We think that the jury could, with propriety, have concluded from the foregoing evidence that Halbett, during those several days, had been assisting Gold in processing and packing for shipment 1000 obscene films and thereby conspiring with Gold to commit the crime here involved. The jury did so find, the district court rendered judgment on the verdict against Halbett, and we will not disturb that judgment.

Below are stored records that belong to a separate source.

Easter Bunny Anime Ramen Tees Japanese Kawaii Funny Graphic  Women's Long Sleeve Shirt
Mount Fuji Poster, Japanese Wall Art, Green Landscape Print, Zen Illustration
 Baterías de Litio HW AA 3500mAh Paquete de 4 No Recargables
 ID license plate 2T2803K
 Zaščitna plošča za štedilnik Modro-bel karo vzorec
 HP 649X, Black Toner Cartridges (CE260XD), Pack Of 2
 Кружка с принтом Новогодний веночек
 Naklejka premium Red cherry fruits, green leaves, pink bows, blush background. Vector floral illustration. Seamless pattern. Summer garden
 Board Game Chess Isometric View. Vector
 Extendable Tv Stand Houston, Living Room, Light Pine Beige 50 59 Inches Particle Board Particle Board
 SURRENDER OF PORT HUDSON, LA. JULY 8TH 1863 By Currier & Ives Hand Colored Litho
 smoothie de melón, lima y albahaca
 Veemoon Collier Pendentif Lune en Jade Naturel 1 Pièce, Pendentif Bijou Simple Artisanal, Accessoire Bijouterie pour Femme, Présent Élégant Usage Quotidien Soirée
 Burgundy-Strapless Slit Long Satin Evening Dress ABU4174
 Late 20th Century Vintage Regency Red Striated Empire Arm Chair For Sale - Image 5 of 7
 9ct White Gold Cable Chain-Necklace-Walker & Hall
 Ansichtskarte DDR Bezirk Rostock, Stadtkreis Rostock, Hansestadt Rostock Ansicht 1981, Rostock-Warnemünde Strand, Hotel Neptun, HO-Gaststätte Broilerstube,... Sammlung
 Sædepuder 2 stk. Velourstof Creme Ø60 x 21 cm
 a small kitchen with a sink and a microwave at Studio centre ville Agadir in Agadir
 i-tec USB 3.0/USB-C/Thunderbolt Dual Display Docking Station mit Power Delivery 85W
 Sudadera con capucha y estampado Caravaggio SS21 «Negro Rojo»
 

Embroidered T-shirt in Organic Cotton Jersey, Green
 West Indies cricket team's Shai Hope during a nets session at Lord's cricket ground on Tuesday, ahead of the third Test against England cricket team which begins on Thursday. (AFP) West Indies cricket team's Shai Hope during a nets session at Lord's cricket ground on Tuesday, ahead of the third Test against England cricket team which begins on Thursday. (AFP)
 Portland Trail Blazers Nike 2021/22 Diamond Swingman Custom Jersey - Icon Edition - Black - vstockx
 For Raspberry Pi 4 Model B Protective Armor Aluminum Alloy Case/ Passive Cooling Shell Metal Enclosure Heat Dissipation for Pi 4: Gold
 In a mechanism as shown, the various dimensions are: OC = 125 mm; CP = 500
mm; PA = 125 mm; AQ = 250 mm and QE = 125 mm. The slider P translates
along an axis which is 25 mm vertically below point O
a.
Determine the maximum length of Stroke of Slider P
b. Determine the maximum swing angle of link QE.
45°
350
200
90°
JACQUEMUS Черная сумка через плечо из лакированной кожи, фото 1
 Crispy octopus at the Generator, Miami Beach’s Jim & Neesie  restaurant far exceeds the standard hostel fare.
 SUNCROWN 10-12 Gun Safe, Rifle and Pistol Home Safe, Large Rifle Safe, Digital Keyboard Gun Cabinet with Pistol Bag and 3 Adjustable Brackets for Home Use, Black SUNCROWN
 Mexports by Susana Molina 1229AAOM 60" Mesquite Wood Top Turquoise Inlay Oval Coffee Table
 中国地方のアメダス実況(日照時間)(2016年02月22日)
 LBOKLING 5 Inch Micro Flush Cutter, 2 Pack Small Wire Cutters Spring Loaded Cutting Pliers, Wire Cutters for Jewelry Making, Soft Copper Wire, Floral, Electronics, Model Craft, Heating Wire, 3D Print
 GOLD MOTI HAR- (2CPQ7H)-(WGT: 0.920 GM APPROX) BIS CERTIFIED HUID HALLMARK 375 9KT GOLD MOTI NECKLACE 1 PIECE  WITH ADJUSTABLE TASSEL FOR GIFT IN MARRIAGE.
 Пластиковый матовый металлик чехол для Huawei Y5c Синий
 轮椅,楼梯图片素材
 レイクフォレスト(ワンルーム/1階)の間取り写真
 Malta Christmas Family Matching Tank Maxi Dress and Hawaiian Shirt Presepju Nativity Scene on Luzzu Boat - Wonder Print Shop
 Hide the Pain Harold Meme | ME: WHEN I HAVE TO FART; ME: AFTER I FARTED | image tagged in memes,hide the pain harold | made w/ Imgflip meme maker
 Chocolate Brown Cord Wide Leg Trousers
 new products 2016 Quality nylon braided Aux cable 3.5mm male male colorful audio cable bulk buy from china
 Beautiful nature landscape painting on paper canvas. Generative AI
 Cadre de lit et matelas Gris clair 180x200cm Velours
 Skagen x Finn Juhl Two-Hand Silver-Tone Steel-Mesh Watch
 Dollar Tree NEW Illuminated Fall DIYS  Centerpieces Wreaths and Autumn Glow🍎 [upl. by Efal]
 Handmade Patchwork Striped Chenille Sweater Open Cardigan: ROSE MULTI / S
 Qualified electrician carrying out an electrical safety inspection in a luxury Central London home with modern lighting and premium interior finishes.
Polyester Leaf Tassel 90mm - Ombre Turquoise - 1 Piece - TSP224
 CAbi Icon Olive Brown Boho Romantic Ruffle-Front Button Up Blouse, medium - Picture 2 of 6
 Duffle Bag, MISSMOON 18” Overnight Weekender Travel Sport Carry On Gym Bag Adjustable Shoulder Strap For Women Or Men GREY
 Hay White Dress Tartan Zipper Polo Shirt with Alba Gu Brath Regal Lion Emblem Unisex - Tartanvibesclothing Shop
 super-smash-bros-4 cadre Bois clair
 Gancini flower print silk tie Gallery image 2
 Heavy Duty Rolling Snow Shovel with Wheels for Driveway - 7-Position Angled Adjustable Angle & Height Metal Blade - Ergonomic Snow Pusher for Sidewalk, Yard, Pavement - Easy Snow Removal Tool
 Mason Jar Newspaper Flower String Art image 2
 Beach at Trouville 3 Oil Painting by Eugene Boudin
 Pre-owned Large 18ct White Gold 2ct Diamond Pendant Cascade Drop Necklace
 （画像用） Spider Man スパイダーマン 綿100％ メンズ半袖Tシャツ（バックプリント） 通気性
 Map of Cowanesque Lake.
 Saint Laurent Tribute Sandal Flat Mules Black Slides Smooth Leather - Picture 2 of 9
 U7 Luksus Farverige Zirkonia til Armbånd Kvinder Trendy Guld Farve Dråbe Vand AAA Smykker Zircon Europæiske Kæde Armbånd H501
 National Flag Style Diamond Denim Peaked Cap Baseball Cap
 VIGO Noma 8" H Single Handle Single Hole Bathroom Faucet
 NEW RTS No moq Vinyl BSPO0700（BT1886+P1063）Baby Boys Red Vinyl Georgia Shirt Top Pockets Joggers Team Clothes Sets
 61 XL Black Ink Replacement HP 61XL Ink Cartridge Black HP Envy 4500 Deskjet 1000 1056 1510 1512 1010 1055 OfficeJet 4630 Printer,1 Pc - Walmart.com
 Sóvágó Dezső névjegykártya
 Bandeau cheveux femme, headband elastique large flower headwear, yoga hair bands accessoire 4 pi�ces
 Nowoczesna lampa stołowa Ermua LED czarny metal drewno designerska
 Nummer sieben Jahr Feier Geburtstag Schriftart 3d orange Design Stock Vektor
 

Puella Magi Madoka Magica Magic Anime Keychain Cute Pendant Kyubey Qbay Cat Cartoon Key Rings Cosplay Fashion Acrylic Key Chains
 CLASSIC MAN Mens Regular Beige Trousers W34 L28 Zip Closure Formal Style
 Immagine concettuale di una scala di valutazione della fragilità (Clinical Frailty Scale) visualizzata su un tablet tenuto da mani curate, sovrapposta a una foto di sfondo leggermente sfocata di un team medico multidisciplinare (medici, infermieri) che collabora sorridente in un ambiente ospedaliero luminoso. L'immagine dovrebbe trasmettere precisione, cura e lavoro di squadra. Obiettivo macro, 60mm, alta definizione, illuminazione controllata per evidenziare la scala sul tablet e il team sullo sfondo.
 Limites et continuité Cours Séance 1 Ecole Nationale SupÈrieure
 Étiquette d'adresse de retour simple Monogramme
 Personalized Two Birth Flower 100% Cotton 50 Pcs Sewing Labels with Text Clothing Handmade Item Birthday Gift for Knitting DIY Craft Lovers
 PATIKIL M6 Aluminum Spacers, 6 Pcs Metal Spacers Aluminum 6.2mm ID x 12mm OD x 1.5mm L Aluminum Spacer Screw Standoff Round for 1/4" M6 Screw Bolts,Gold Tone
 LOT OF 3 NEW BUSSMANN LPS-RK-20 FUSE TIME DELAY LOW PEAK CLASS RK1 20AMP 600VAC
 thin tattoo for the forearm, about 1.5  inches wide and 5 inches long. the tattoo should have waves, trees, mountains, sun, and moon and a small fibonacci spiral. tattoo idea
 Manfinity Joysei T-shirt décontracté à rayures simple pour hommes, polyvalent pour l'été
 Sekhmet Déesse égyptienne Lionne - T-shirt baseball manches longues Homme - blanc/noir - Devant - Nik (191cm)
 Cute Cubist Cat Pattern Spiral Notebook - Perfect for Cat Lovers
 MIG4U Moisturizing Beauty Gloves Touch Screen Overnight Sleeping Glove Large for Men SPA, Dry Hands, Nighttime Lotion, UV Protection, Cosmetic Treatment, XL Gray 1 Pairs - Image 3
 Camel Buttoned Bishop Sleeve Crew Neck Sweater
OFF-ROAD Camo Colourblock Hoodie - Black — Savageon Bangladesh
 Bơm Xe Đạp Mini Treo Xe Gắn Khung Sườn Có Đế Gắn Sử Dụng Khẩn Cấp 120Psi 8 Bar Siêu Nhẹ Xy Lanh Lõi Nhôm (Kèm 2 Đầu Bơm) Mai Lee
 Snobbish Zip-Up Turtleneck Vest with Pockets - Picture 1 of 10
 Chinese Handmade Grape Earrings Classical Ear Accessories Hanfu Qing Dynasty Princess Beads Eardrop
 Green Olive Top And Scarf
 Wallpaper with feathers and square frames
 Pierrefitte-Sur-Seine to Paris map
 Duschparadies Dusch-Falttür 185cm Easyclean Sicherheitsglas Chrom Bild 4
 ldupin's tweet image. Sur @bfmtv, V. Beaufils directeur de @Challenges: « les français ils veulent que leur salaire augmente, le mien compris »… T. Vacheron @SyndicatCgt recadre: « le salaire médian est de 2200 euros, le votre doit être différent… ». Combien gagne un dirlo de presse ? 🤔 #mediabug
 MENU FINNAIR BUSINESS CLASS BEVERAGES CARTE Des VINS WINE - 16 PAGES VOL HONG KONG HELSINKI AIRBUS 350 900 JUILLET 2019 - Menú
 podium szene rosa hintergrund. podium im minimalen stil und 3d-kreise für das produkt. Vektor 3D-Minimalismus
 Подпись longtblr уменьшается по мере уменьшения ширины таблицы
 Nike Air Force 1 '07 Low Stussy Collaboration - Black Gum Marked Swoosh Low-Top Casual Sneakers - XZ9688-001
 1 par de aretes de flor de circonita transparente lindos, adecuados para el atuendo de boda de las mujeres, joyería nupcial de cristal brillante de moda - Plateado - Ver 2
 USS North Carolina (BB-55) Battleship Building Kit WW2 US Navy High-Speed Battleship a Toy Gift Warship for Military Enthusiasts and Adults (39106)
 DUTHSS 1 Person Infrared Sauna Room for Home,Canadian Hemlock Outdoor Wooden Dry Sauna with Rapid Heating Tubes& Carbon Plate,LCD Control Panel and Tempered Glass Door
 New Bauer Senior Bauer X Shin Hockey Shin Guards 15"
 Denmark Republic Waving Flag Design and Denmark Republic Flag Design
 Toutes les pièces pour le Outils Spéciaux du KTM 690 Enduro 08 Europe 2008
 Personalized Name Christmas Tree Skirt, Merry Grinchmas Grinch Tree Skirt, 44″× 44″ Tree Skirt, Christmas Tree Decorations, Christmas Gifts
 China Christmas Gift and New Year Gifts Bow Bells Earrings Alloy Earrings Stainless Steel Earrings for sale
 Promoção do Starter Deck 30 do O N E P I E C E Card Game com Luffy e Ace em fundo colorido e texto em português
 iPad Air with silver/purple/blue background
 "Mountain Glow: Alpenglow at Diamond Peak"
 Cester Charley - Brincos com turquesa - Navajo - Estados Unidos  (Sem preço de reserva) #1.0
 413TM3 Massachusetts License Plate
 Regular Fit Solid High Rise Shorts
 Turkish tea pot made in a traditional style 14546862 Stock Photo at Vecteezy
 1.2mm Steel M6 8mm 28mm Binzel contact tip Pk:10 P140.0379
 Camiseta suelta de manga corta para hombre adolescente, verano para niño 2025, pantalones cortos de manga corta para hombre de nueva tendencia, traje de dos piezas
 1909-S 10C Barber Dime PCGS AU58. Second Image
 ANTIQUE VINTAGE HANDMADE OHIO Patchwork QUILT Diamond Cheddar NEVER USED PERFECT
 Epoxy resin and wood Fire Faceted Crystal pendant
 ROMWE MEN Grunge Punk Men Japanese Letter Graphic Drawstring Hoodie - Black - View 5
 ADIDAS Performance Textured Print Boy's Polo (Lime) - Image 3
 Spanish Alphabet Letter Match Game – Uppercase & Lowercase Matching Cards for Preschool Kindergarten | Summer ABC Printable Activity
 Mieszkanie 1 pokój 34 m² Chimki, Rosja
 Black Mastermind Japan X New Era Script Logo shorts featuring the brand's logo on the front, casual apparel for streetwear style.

The evidence as to the appellant Fusco is that on November 4, 1965, the day after Gold had deposited the five cartons with United Airlines in Las Vegas for shipment, Fusco and a woman came to United's freight counter in Newark, New Jersey. The Woman told the attendant the number of the air waybill, and attempted to describe the shipment. Fusco corrected her, telling the attendant how many packages there were, and their approximate weight. Upon being informed that the shipment had not arrived, Fusco and the woman drove away together. Obviously, Fusco and the woman had been advised by Gold of the shipment, the waybill number, and the number of the packages and their weight. It would stretch credulity beyond the breaking point to suppose that Fusco expected to receive from the airline five packages of Mickey Mouse films, or films of comparable content. The jury concluded that he knew what was supposed to have been shipped, and that he had conspired with Gold to receive a shipment of obscene films. We find no impropriety in the verdict and judgment against Fusco.
The judgments against the appellants are affirmed.
The opinion issued on March 30, 1967, is withdrawn, and the foregoing opinion is substituted for it. The appellant's petition for a rehearing is denied.